Hay fire heroics

A truck transporting hay caught fire on the Maroondah Highway. Picture: MICHAEL HARDINGE

By Jed Lanyon

A Lyndhurst truck driver has recounted the moment he helped his mate just seconds before his truck carrying hay bales burst into flames in Healesville.

Fred Reid had just finished delivering a load in Healesville when he got the call for help from David Ayres on his CB radio.

Mr Ayres had been driving his Kenworth truck, transporting two trailers loaded with hay along the Maroondah Highway when he thought he may have a flat tyre about 7.30am on 20 September.

He pulled into a BP and put the callout for help on his radio for anyone in the area.

“He called up and asked if I could sneak around him to see what the trouble was,” Mr Reid recalled.

Mr Reid said Mr Ayres was in “all sorts of bother” with smoke coming out the middle of the B-double.

“Being a load of hay, in town and next to a petrol station, I suggested let’s get it out of town before you lose the whole truck,” Mr Reid said.

Mr Ayres then drove the truck about 1.5 km out of Healesville, just past Healesville-Koo Wee Rup Road where he and Mr Reid separated the two trailers and his prime mover to prevent the fire from spreading.

“Literally seconds after we got the prime mover out from under the trailer, it just burst into flames,” Mr Reid said.

“We were standing probably 30 metres away and the heat was burning us; that’s how hot it was.”

Without his assistance, Mr Reid believes Mr Ayres may have been left in a situation where his truck would have ignited in town, leaving him with no choice but to run for his own safety.

“Poor fella, I wouldn’t wish it on anyone what happened to him.

“He’s a good young kid, he was pretty switched on and acted pretty fast. If he hadn’t have made that call, we couldn’t have worked together to do what we did. “Afterwards he told me, ‘I couldn’t have done it without you, I owe you a beer’.

“Things could have been a lot worse and we were very lucky to have the outcome we had.”

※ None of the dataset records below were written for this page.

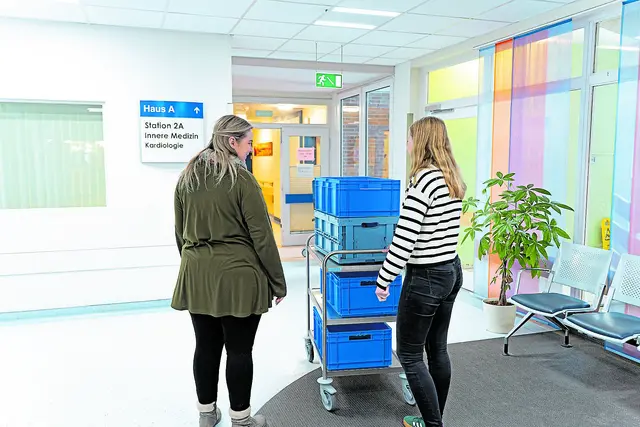 Jessica Raddatz (li.) und Jule Raap sammeln Akten auf der Station 2A ein | Foto: Elbe Kliniken/Kati Meyer-Thiedig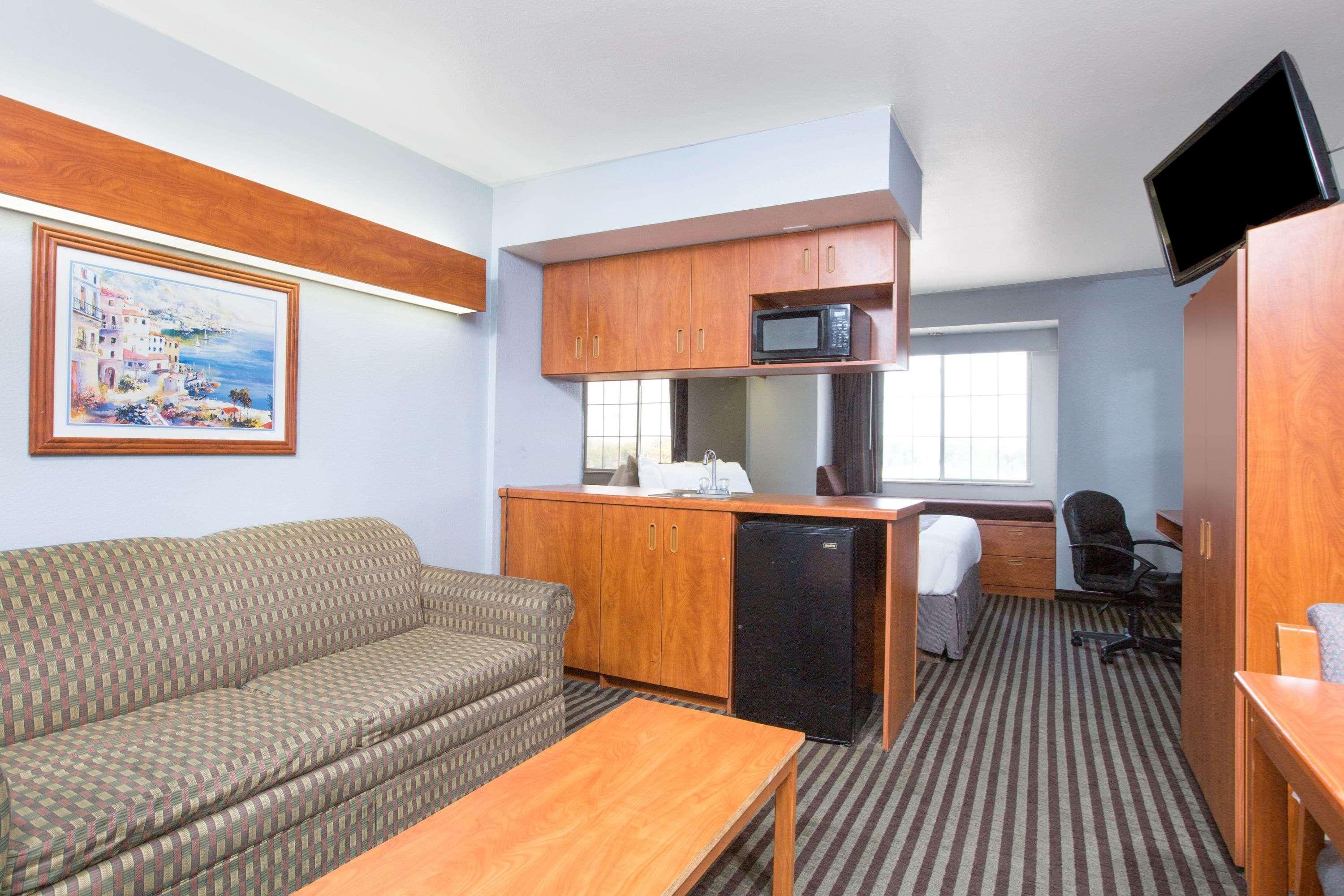 Microtel Inn & Suites By Wyndham Garland/Dallas Zewnętrze zdjęcie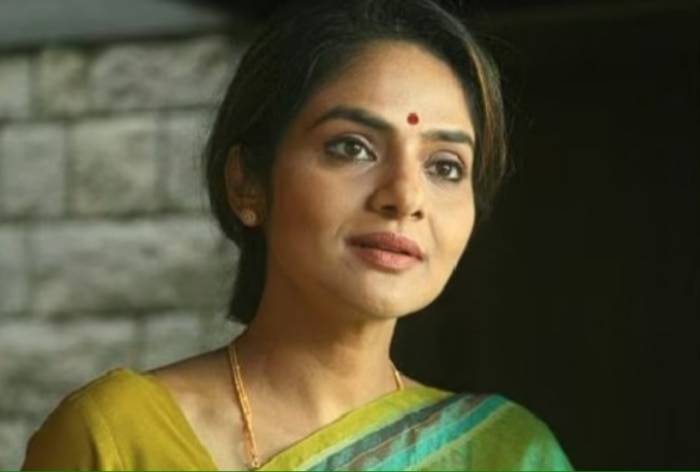 90s Actress Madhoo Shah Recalls Changing Costumes in the Open in ...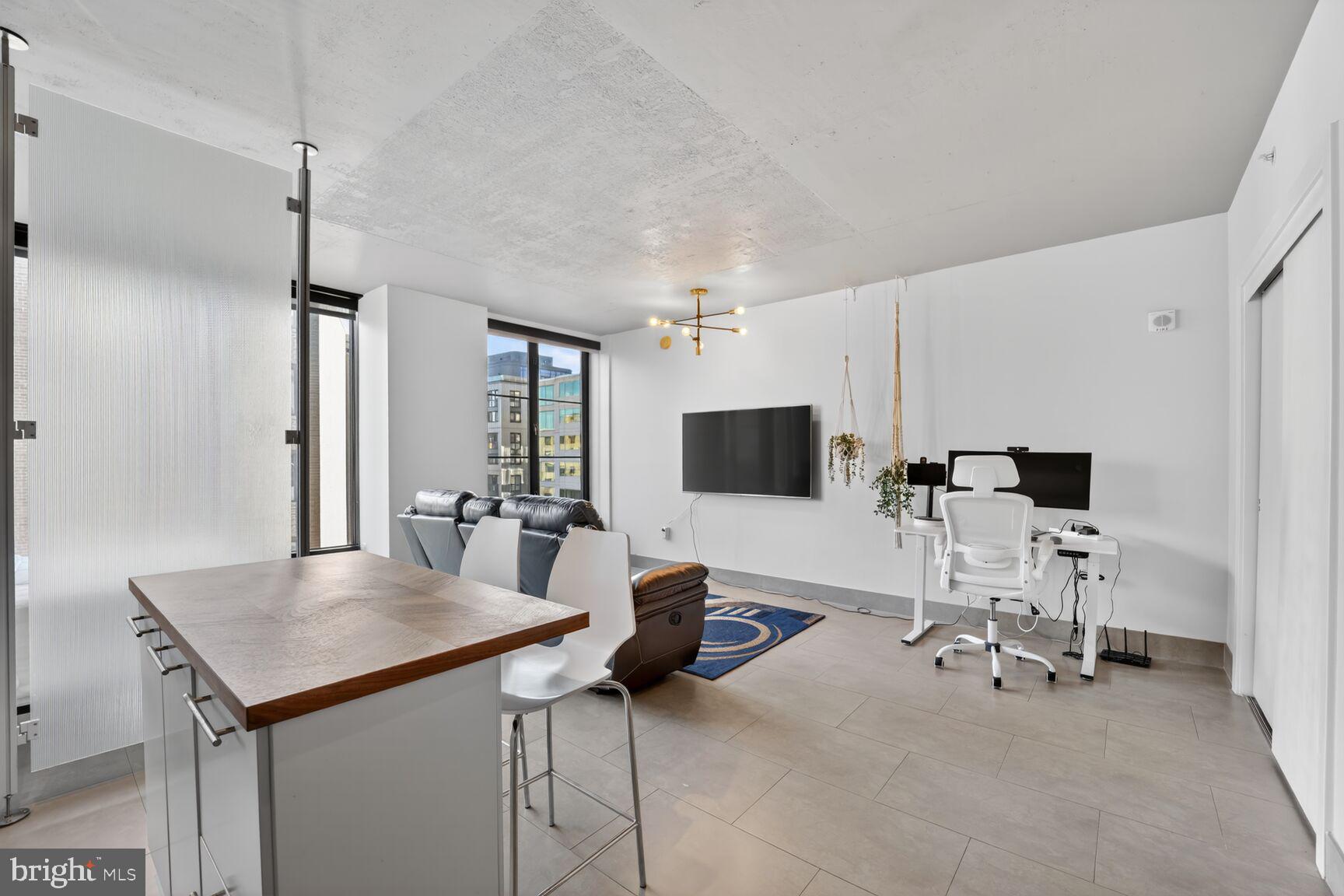 1133 14th Street Northwest, Unit 803 Washington, DC 20005 - Photo 5 of 26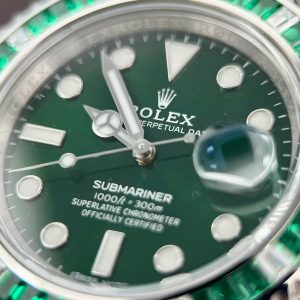 Rolex Submariner Customs Moissanite Diamonds & Green Sapphire 40mm (12)
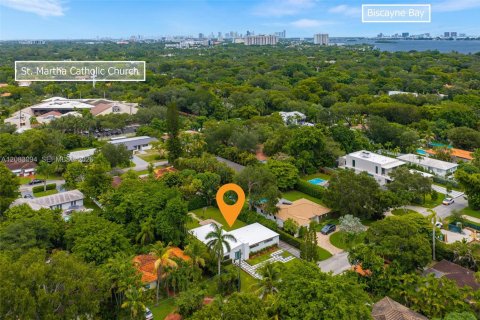 Casa en venta en Miami Shores, Florida, 3 dormitorios, 152.92 m2 № 2383256 - foto 26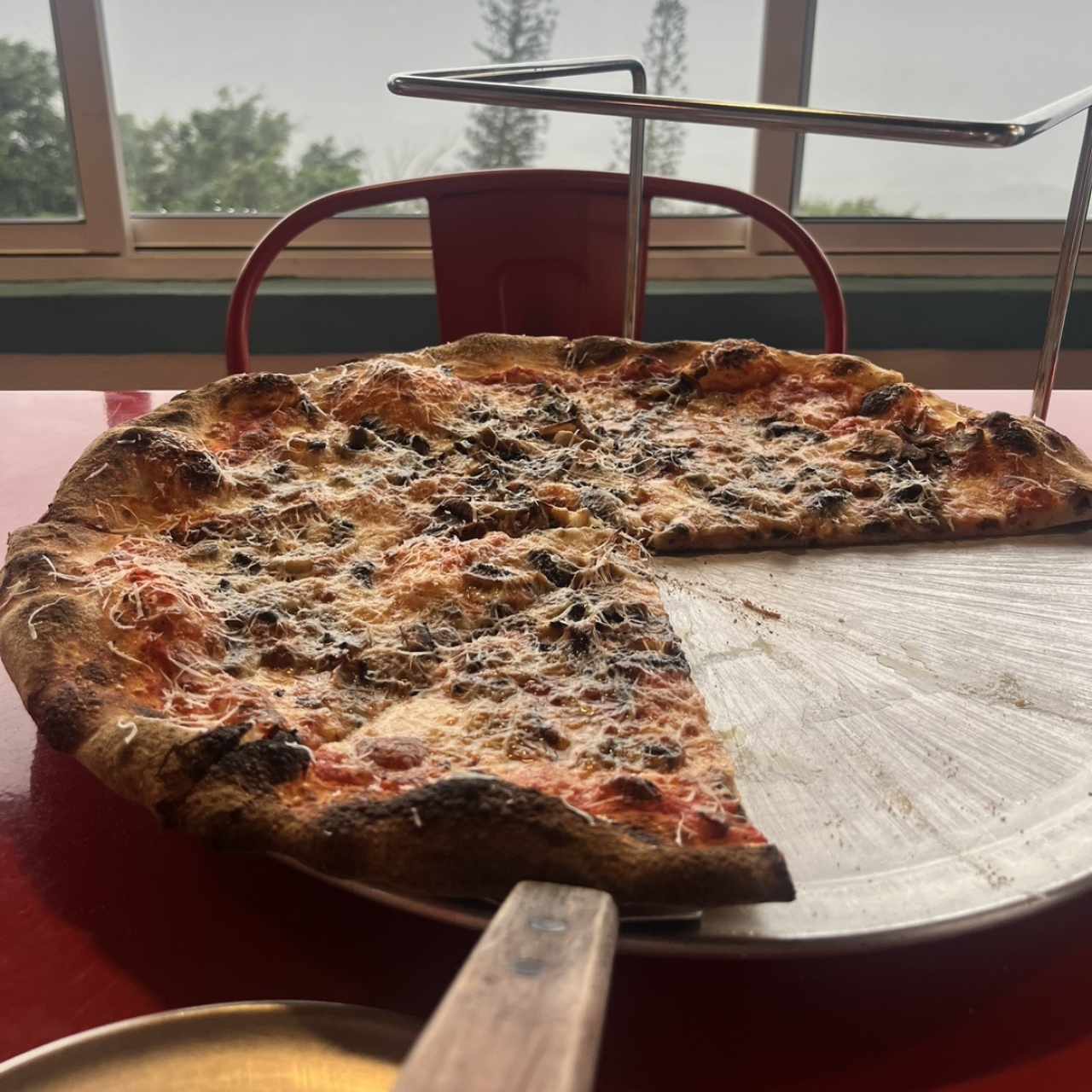 Pizza de hongos, parmesano 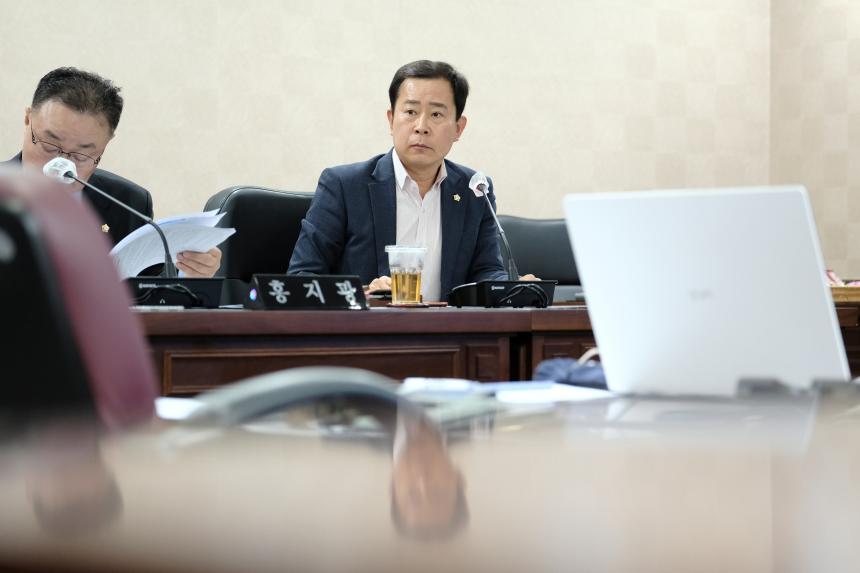 행정건설위원회&lpar;제1차~2차&rpar; -제282회 마포구의회 임시회 - 4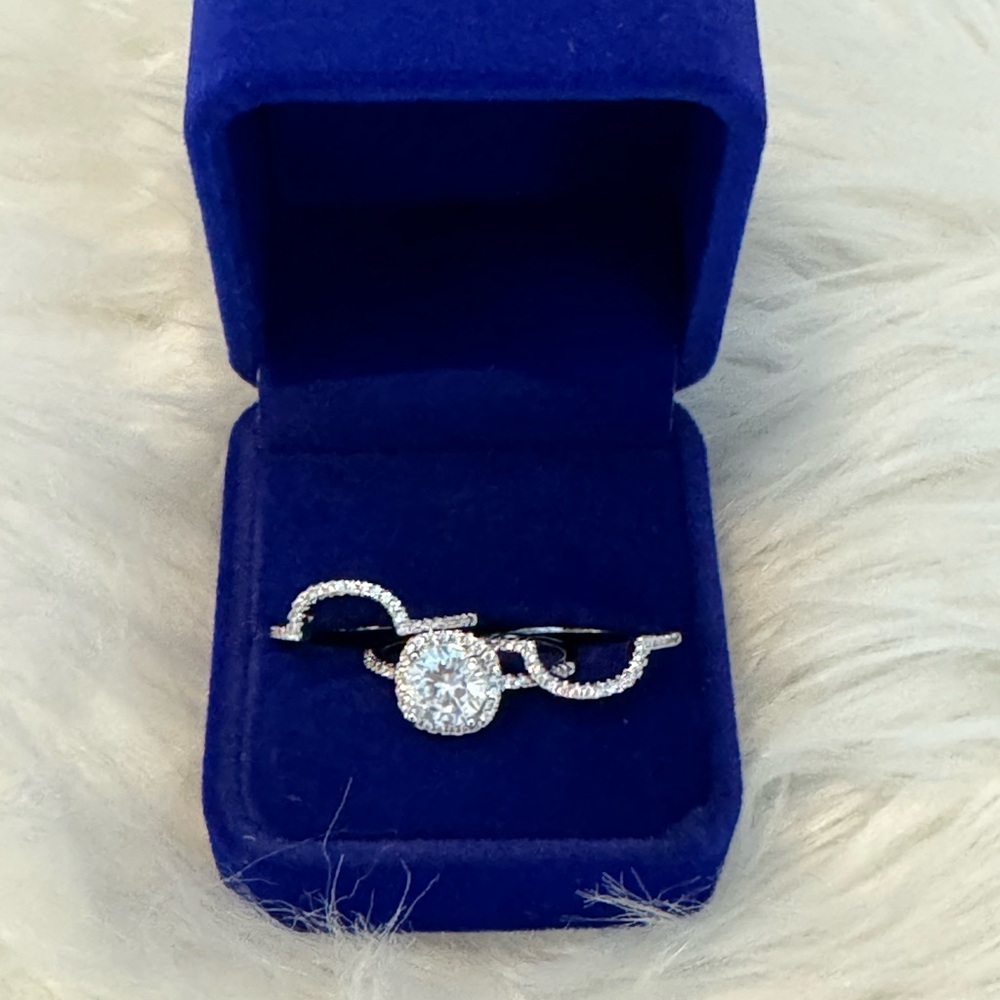 New Arrivals! Beautiful 3Pc Zicon Wedding Rings - Picture 3 of 4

Senior Constable Tom Juric of the Yarra Ranges Highway Patrol praised the actions of the quick-thinking drivers.

He said the fire was caused from friction through an upturned mudflap against the truck’s tyres.

The incident caused the Maroondah Highway to be blocked for several hours with fire crews on scene for five hours. A front end loader from VicRoads was also needed to push the hay off the trailers.